You seem to believe [Rogoff continues, warming now to his theme]  that if a distressed government issues more currency, its citizens will suddenly think it more valuable. You seem to believe that when investors are no longer willing to hold a government’s debt, all that needs to be done is to increase the supply and it will sell like hot cakes. We at the IMF—no, make that we on the Planet Earth—have considerable experience suggesting otherwise. We earthlings have found that when a country in fiscal distress tries to escape by printing more money, inflation rises, often uncontrollably. Uncontrolled inflation strangles growth, hurting the entire populace but, especially the indigent. The laws of economics may be different in your part of the gamma quadrant, but around here we find that when an almost bankrupt government fails to credibly constrain the time profile of its fiscal deficits, things generally get worse instead of better.
Stiglitz and Krugman were both wrong.  Fortunately, nobody outside Japan listened to them then. Rather than splurge on a new Keynesian investment line of deficits and stimulunacy, as Stiglitz and Krugman insisted, predicting disaster all round if they didn’t, Asian governments (outside Japan) instead balanced their books and let their economies re-tool, reallocate and recover—and rather than relapse into depression, they instead returned swiftly to rapid growth.  Unlike Japan of course, which followed the prescription of Drs Stiglitz and Krugman, and is still even now in the Recovery Ward.

Just another world-historical lesson that you might consider remembering today, as you listen to the same debate again. Same debate, even one of the same con-men, just slightly different protagonists.
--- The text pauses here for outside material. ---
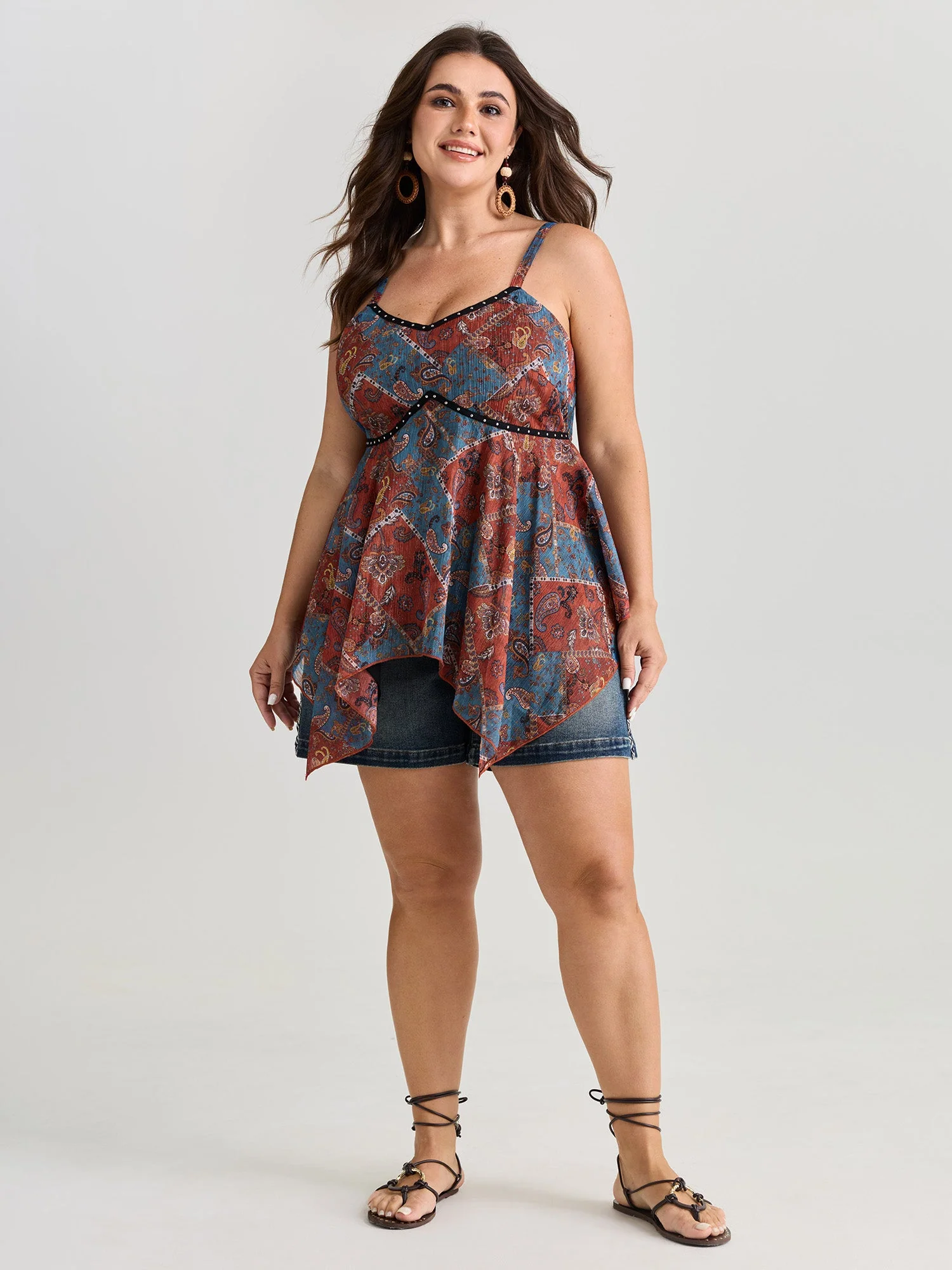 Paisley Print Handkerchief Hem Tank Top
PS: On a somewhat related note, since he’s taken to criticising the “Hayekian” solutions  currently characterised under the label of “austerity,” it’s now apparent that the alleged economist Paul Krugman doesn’t even know his Hayek from his hat-stand.  Just one of the inconvenient truths pointed out to him in the replies to his latest column by (among others) Jonathan M. F. Catalan, Richard Ebeling, Bob Roddis, and Richard Ebeling again.

1 comment:

Falafulu Fisi said...

The more I see Krugman and Stiglitz making nonsense public comments like they're doing today, the more I tend to agree with Dr. Nassim Nicholas Taleb's view that the Nobel Prize for economics should be scrapped. Taleb had met with the King of Sweden in recent years and appealed to him to scrap the Nobel Prize awards for economics because it doesn't deserve to be included in the Nobel awards originally started by Mr Nobel himself and we all know that economics wasn't included in the categories for Nobel awards anyway.

Krugman and Stiglitz are using their Nobel status, to spout nonsense most of the time hoping that government authorities from around the world would follow their advise in which suckers ended up falling into them. David Cunliffe is a pro-Keynesian (it's modern re-incarnation), pro-krugman and pro-stiglitz, so this makes Mr Cunliffe a sucker.